__Exercise__.
Please give back exactly the line with "Rag & Bone Peyton" and each line after it through the end of the material, leaving out the pictures.

__Given material__.

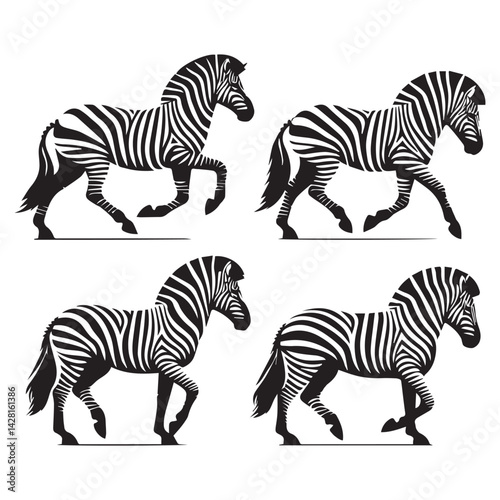 create zebra Silhouette with white background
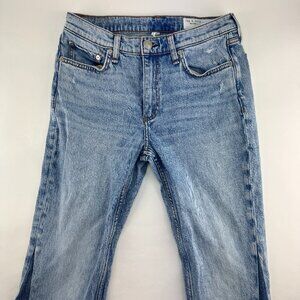 Rag & Bone Peyton Sliced Mid-Rise Bootcut Jeans Two-Toned Blue Wash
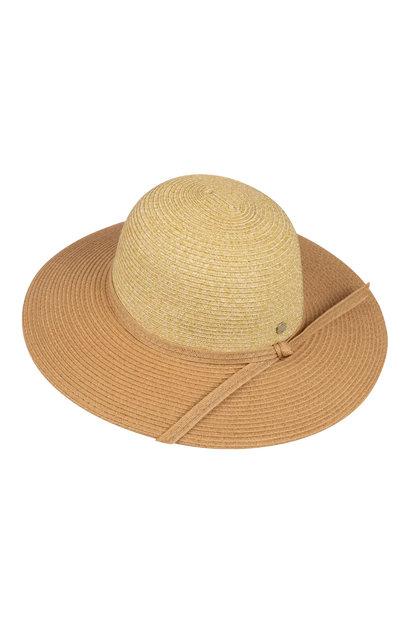 Womens Wide Brim - Santa Cruz beige paper braid hat with UPF 50+ sun protection by KOORINGAL HEADWEAR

__Reply to the task__.
 Rag & Bone Peyton Sliced Mid-Rise Bootcut Jeans Two-Toned Blue Wash
 Womens Wide Brim - Santa Cruz beige paper braid hat with UPF 50+ sun protection by KOORINGAL HEADWEAR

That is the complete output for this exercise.